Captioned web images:
━━━━━━━━━━━━━━━━━━━━━━━━━━━━━━

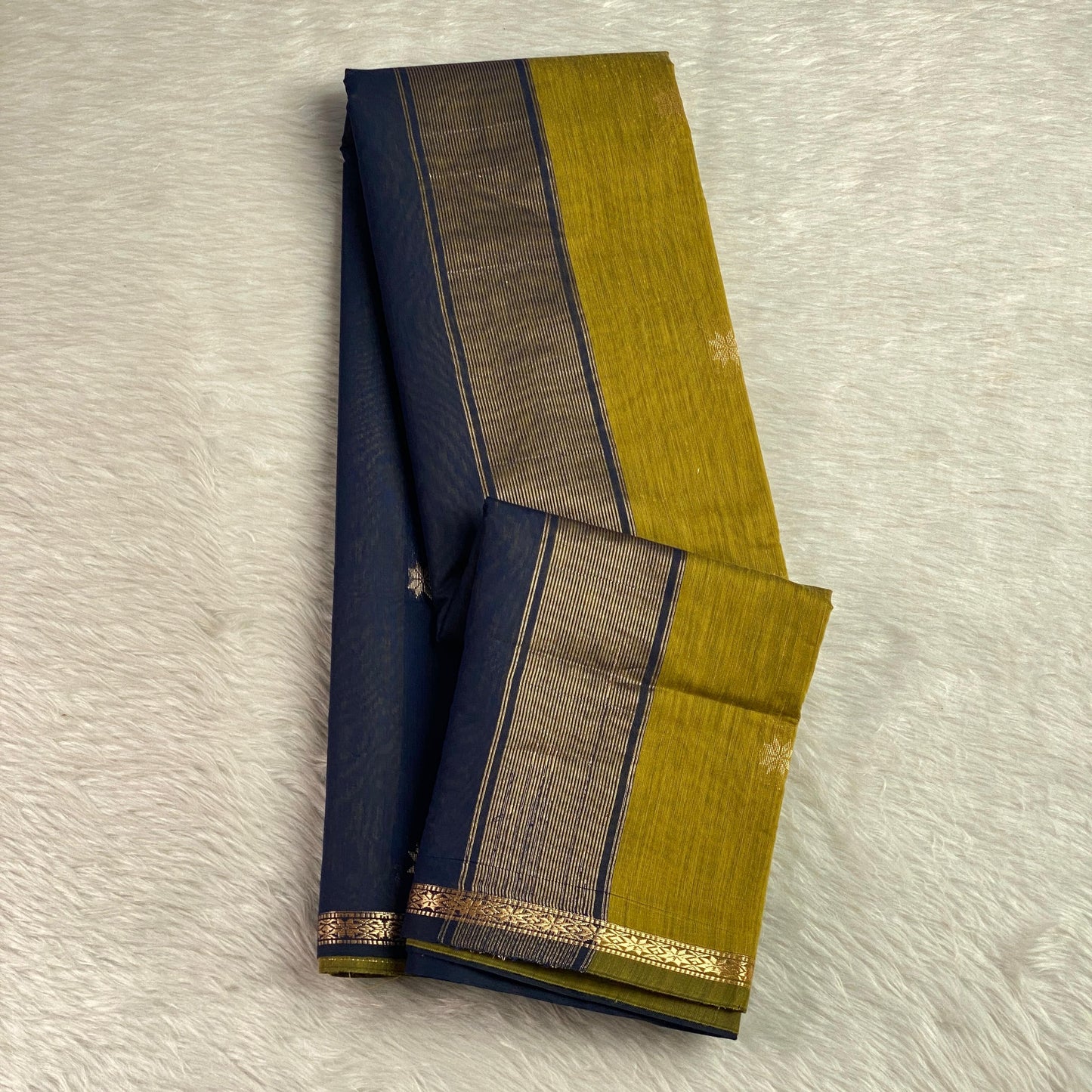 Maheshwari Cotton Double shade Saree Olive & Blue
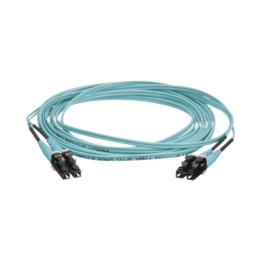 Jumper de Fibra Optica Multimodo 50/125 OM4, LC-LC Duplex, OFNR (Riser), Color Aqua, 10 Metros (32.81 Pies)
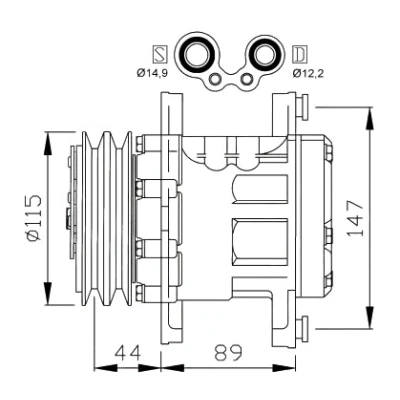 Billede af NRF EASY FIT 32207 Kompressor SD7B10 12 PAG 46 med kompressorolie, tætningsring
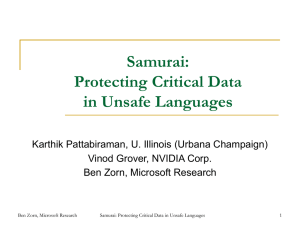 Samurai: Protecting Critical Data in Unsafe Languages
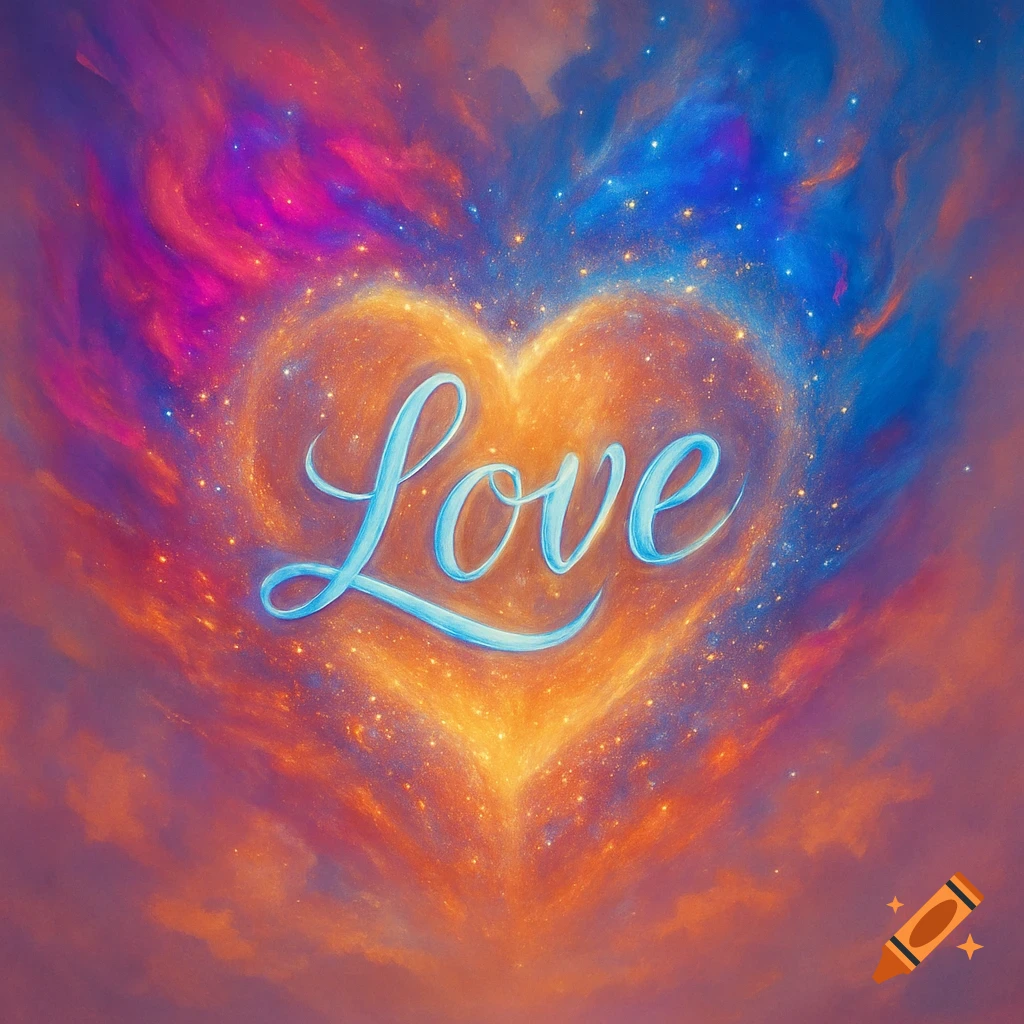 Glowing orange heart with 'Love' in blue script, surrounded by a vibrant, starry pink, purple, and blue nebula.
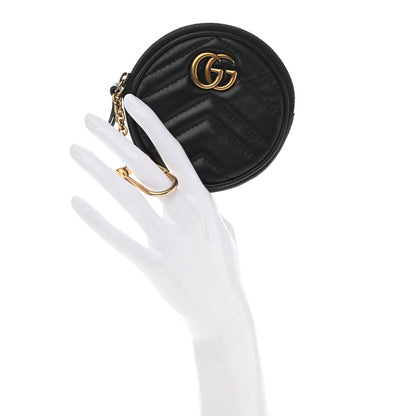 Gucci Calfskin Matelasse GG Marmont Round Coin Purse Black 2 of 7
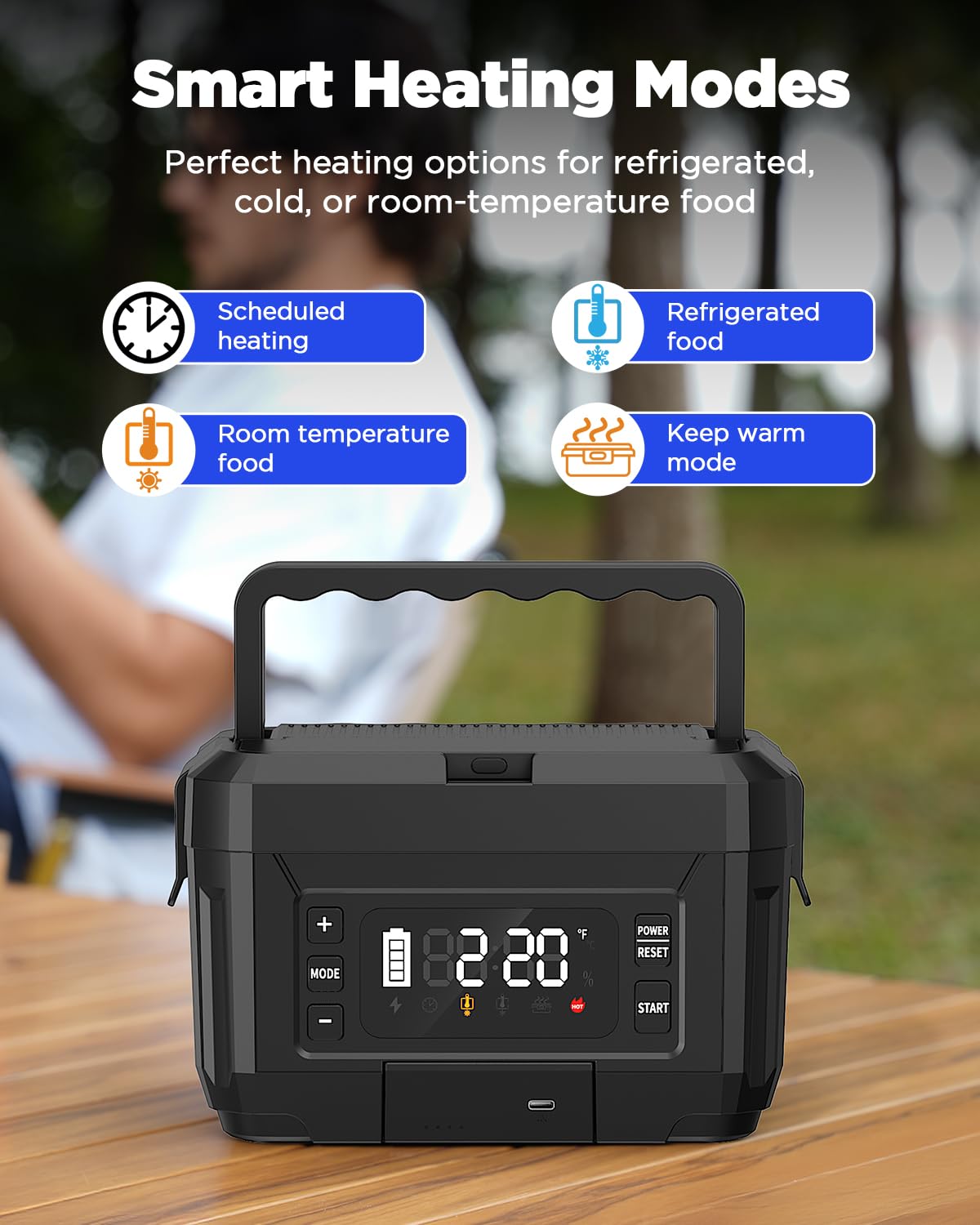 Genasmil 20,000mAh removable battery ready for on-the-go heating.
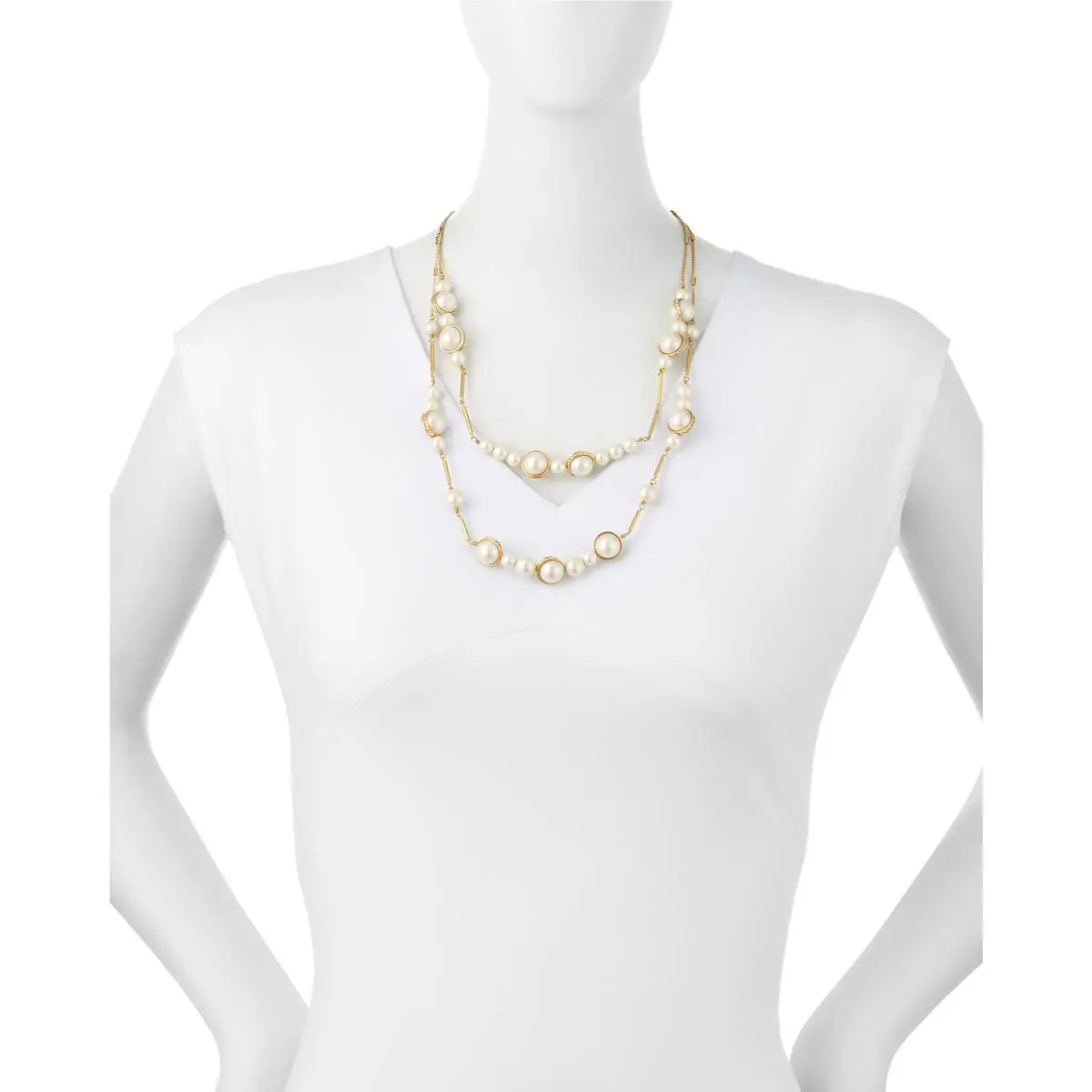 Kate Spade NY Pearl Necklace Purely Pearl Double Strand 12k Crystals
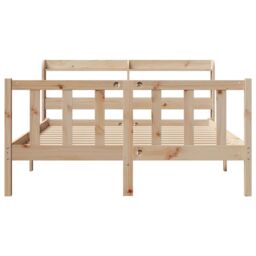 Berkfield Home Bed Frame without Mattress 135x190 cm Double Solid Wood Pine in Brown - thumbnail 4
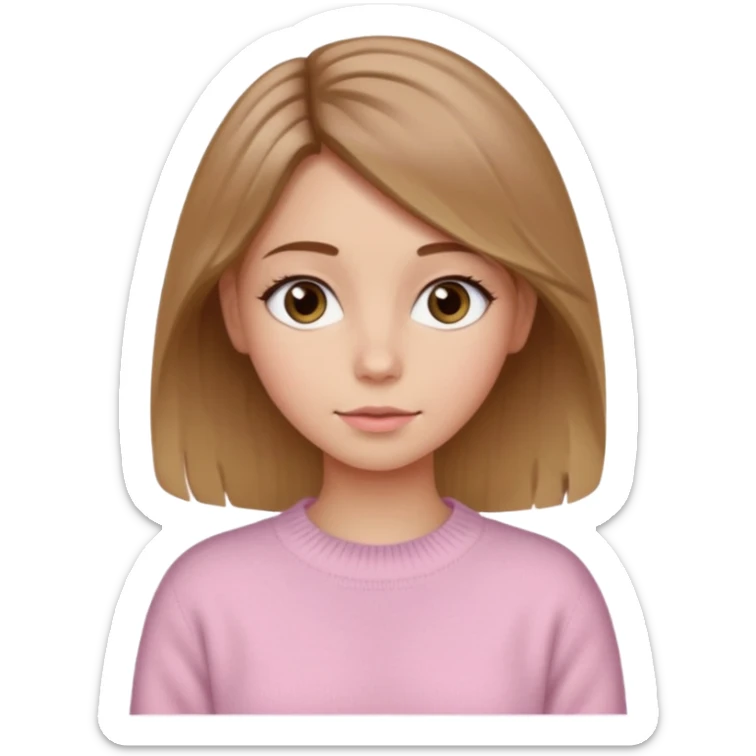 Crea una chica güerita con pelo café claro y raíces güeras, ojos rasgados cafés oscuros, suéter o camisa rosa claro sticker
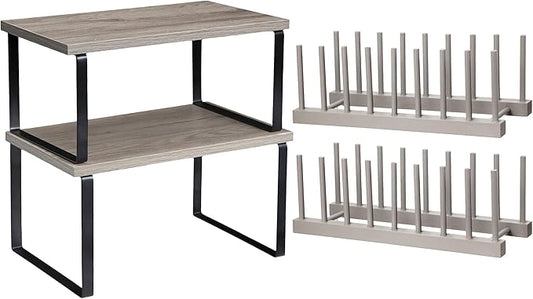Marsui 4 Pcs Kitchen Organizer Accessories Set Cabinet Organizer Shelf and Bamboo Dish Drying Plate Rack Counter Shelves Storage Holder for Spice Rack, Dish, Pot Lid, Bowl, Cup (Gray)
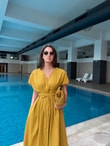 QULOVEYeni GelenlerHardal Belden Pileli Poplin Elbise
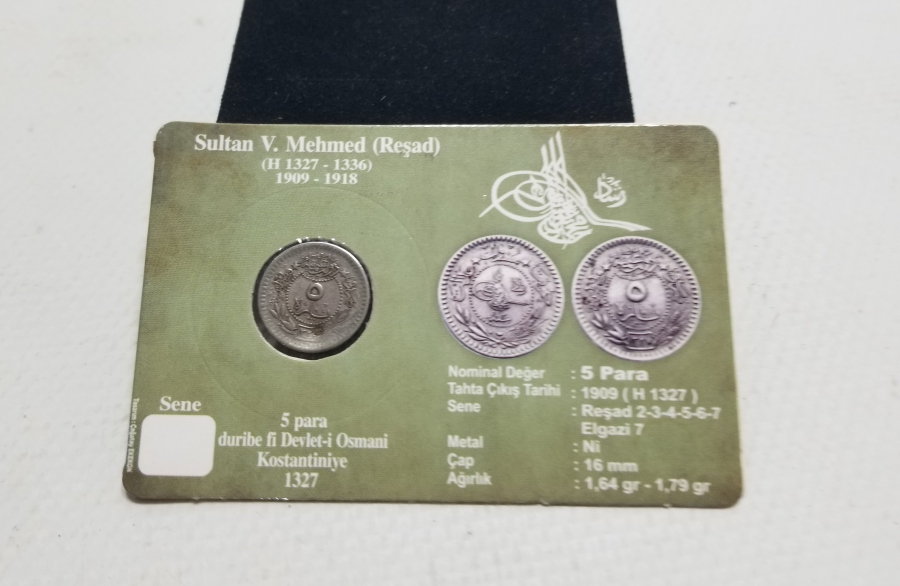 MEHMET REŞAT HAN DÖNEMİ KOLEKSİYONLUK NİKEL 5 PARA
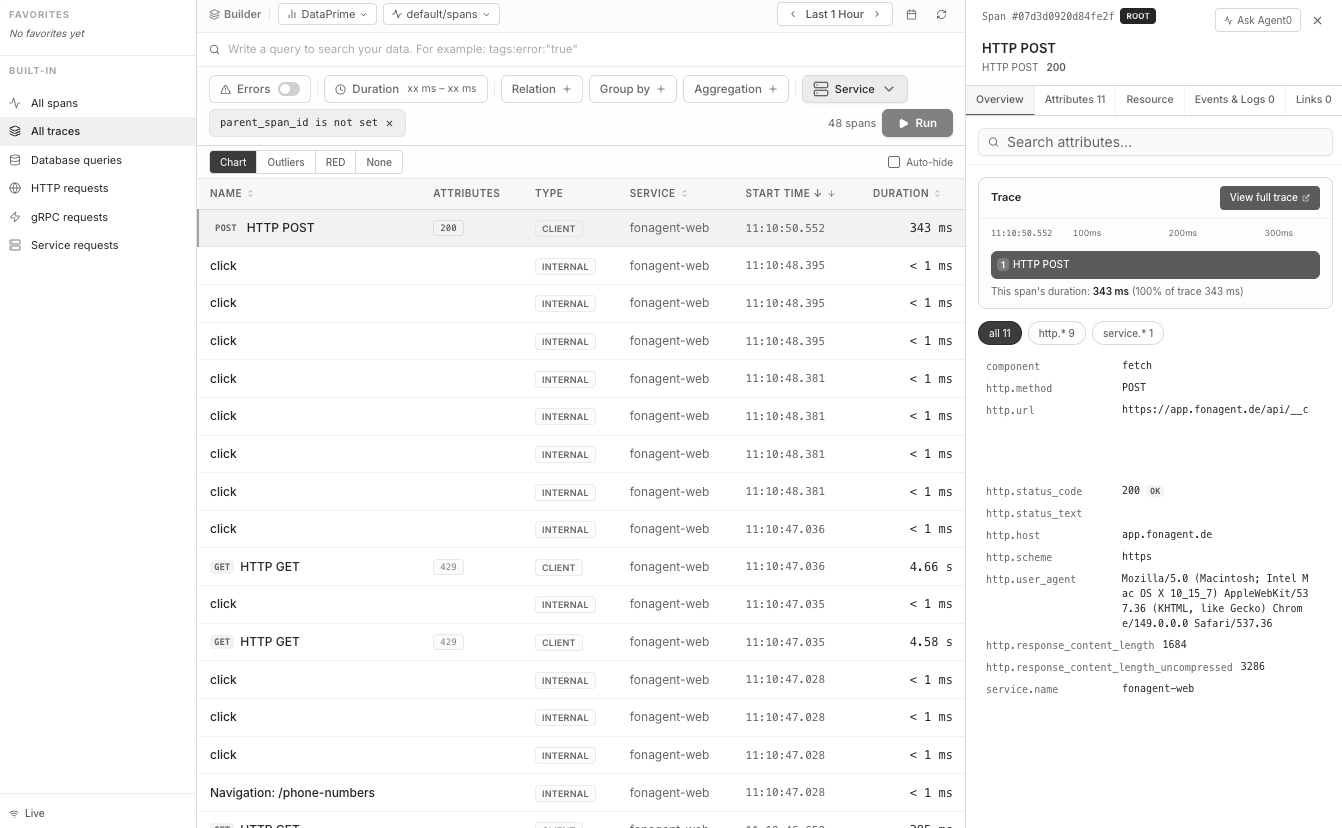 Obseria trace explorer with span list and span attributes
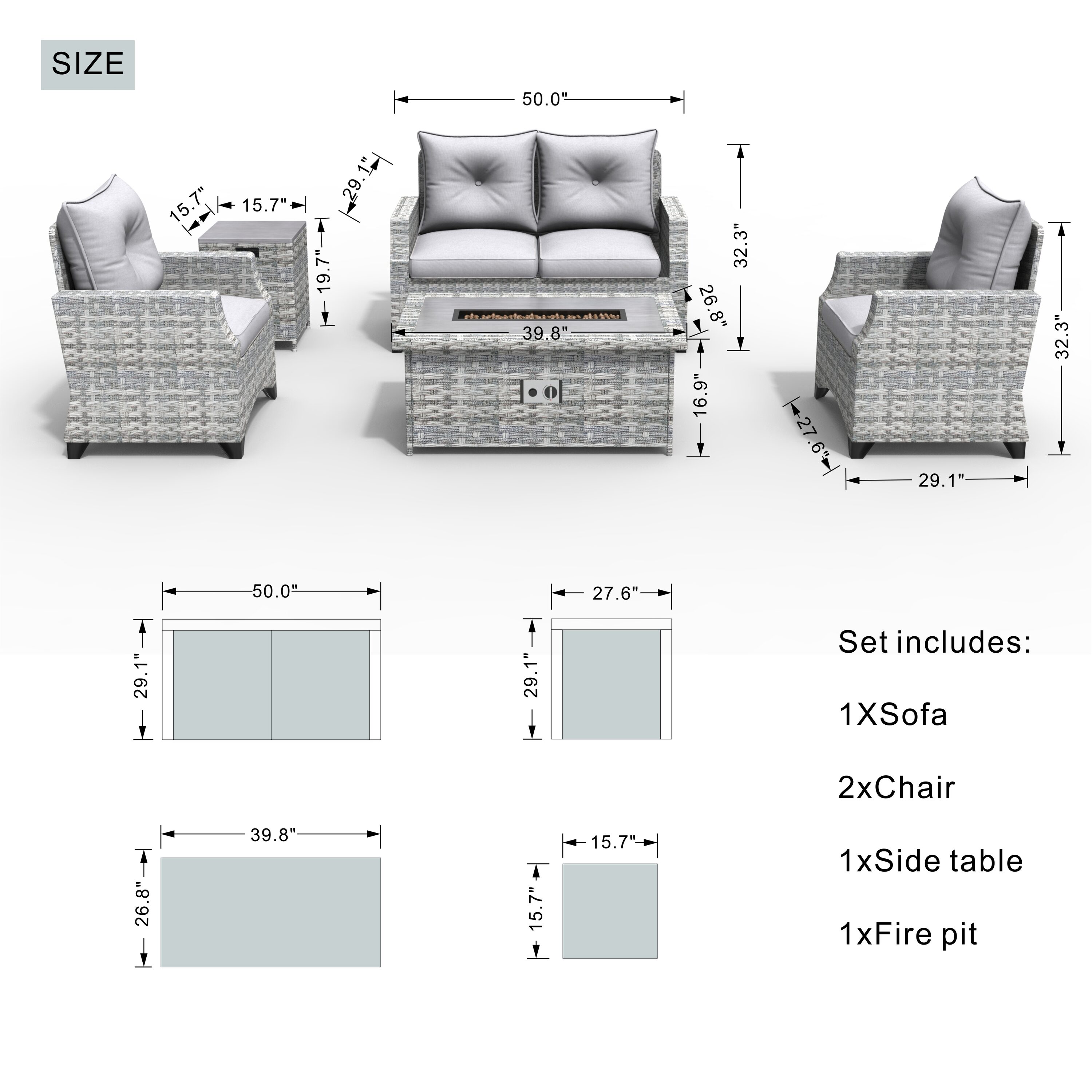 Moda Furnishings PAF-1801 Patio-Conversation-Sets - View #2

━━━━━━━━━━━━━━━━━━━━━━━━━━━━━━

Activity
Your answer must be exactly the lines from the one with "Berkfield Home Bed" through the last line of the entries, both included, with no pictures; please add nothing else.

Solution
 Berkfield Home Bed Frame without Mattress 135x190 cm Double Solid Wood Pine in Brown - thumbnail 4
 Crea una chica güerita con pelo café claro y raíces güeras, ojos rasgados cafés oscuros, suéter o camisa rosa claro sticker
Marsui 4 Pcs Kitchen Organizer Accessories Set Cabinet Organizer Shelf and Bamboo Dish Drying Plate Rack Counter Shelves Storage Holder for Spice Rack, Dish, Pot Lid, Bowl, Cup (Gray)
 QULOVEYeni GelenlerHardal Belden Pileli Poplin Elbise
 MEHMET REŞAT HAN DÖNEMİ KOLEKSİYONLUK NİKEL 5 PARA
 Obseria trace explorer with span list and span attributes
 Moda Furnishings PAF-1801 Patio-Conversation-Sets - View #2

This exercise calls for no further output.